7.2.4 使用最小二乘估计进行线性回归

相关系数和两两变量之间的统计图有助于对两个变量之间的关系进行量化和可视化，但是他们不能测量出每个自变量在其他自变量不变时与因变量之间的关系。线性回归可以解决这个问题。但是本书没有非常细致的讲解如何用最小二乘估计进行线性回归，我后面会专门写一篇文章用来学习线性回归。

7.2.5 自变量标准化

普通最小二乘回归是通过残差平方和最小化来估计未知的β参数值的，这里的残差是值自变量观测值与拟合值之间的差别。因为残差大小是依赖于自变量的测量单位，所以如果自变量的测量单位相差很大的话，那么将自变量标准化后，就可以更容易对模型进行解释。
对自变量进行标准化的方法是，先从自变量的每个观测值中减去均值，然后再除以这个自变量的标准差。
pandas在数据框中对变量标准化非常容易。你可以对一个观测写一个变换公式，pandas可以把这个公式扩展到行与列中，来标准化所有变量。

7.3 客户流失

下面来分析客户流失数据集。为数据框churn创建一个新的数值型二值变量，并检查数据框中前几行数据。

import numpy as np
import  pandas as pd
import seaborn as sns
import  matplotlib.pyplot as plt
import statsmodels.api as sm
import  statsmodels.formula.api as smf
churn = pd.read_csv('churn.csv', sep=',', header=0)
churn.columns = [heading.lower() for heading in churn.columns.str.replace(' ','_').str.replace("\'", "").str.strip('?')]
churn['churn01'] = np.where(churn['churn'] == 'True.', 1., 0.)
print(churn.head())

为每个分组中的一些特定的列计算3个统计量：总数、均值和标准差：

# 为分组数据计算描述性统计量
print(churn.groupby(['churn'])[['day_charge', 'eve_charge', 'night_charge', 'intl_charge', 'account_length', 'custserv_calls']].agg(['count', 'mean', 'std']))
# 为不同的变量计算不同的统计量
print(churn.groupby(['churn']).agg({'day_charge' : ['mean', 'std'],
                                    'eve_charge' : ['neam', 'std'],
                                    'night_charge' : ['mean', 'std'],
                                    'intl_charge' : ['mean', 'std'],
                                    'account_length' : ['count', 'min', 'max'],
                                    'custserv_calls' : ['count', 'min', 'max']}))

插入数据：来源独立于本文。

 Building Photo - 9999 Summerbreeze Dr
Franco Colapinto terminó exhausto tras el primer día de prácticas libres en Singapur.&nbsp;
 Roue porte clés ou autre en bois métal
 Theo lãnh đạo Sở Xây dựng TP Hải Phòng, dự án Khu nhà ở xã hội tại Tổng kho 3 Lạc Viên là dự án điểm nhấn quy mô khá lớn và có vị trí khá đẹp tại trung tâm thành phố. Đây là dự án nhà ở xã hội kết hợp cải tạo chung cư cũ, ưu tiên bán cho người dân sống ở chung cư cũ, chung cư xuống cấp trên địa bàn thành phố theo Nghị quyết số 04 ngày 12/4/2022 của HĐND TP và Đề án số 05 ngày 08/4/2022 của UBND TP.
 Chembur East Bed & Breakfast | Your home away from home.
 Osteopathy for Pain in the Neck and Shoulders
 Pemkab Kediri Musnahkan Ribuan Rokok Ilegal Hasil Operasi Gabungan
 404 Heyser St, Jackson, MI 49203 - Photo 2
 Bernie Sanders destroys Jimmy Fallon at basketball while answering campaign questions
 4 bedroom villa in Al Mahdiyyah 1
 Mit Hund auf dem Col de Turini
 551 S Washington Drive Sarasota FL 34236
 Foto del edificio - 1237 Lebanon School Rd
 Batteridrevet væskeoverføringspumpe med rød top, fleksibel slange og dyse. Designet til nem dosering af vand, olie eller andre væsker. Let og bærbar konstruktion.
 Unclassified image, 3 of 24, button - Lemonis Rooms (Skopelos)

下一段代码对客户服务通话次数这部分数据进行了摘要分析，先按照一个新变量total_charges中的值使用等宽分箱法将数据分成5个组，然后为每个分组计算5个统计量：总数、最小值、均值、最大值和标准差。

# 创建total_charges
# 将其分为5组，并为每一组计算统计量
churn['total_charges'] = churn['day_charge'] + churn['eve_charge'] + churn['night_charge'] + churn['intl_charge']
factor_cut = pd.cut(churn.total_charges, 5, precision=2)
def get_stats(grop):
    return {'min' : grop.min(), 'max' : grop.max(), 'count' : grop.count(), 'mean' : grop.mean(), 'std' : grop.std()}
grouped = churn.custserv_calls.groupby(factor_cut)
print(grouped.apply(get_stats).unstack())

7.3.1 逻辑斯蒂回归

逻辑斯蒂回归通过使用逻辑函数的反函数估计概率的方式来测量自变量和二值型因变量之间的关系。这个函数可以将连续值转换为0和1之间的值，这是个必要条件，因为预测值表示概率，而概率必须在0和1之间。这样，逻辑斯蒂回归预测的就是某种结果的概率。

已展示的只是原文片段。